=== Source information ===

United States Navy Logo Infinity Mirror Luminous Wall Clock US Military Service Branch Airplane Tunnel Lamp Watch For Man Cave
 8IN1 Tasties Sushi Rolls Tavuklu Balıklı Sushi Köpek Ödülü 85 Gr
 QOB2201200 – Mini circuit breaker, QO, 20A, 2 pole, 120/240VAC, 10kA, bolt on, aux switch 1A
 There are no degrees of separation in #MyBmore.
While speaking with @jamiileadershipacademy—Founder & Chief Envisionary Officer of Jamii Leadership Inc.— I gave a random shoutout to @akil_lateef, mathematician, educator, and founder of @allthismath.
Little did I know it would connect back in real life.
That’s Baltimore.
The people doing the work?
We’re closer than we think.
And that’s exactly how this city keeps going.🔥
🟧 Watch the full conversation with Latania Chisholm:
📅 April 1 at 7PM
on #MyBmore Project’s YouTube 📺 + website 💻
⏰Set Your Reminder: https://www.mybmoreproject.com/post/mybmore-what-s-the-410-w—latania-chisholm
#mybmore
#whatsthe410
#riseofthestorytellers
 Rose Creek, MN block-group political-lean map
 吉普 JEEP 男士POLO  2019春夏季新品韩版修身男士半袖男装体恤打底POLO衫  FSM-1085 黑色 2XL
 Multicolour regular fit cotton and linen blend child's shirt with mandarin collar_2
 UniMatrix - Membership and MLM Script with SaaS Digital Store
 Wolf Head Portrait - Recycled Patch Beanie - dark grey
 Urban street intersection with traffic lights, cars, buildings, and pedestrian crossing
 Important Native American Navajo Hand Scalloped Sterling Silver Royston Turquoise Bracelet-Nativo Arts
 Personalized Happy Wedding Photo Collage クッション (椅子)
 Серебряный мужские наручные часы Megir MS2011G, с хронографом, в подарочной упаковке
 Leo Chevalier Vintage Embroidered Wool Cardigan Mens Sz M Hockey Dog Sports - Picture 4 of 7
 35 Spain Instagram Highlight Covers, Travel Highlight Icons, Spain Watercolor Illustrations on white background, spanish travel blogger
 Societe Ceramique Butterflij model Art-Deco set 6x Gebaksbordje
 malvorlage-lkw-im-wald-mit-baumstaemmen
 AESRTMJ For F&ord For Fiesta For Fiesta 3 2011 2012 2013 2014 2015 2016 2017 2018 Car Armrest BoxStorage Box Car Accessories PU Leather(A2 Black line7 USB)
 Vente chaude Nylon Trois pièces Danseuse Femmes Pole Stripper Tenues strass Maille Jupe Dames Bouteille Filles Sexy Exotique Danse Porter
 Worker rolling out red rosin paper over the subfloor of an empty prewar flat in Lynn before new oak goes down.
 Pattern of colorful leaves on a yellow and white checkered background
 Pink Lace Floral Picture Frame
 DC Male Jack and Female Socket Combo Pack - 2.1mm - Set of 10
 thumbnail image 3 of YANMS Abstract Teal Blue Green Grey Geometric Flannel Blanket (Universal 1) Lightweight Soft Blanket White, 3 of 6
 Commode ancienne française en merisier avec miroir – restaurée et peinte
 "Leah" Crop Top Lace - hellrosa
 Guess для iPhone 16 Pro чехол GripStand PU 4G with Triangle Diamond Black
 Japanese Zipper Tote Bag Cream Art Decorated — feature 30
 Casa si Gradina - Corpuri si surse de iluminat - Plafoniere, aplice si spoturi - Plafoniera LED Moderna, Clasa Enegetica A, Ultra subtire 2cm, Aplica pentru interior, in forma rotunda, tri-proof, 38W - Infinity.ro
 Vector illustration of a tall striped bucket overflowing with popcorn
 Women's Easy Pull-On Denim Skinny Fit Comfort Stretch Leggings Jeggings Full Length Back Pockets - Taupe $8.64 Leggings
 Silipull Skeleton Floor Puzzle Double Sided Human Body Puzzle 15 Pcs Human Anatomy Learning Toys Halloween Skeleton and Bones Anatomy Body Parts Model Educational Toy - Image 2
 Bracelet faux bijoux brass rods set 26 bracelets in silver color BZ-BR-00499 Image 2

===

Try it: Once you reach the line with "And that’s exactly" in the data above, copy it and every line after it exactly, up to and including the line with "#whatsthe410".

Problem solution:
And that’s exactly how this city keeps going.🔥
🟧 Watch the full conversation with Latania Chisholm:
📅 April 1 at 7PM
on #MyBmore Project’s YouTube 📺 + website 💻
⏰Set Your Reminder: https://www.mybmoreproject.com/post/mybmore-what-s-the-410-w—latania-chisholm
#mybmore
#whatsthe410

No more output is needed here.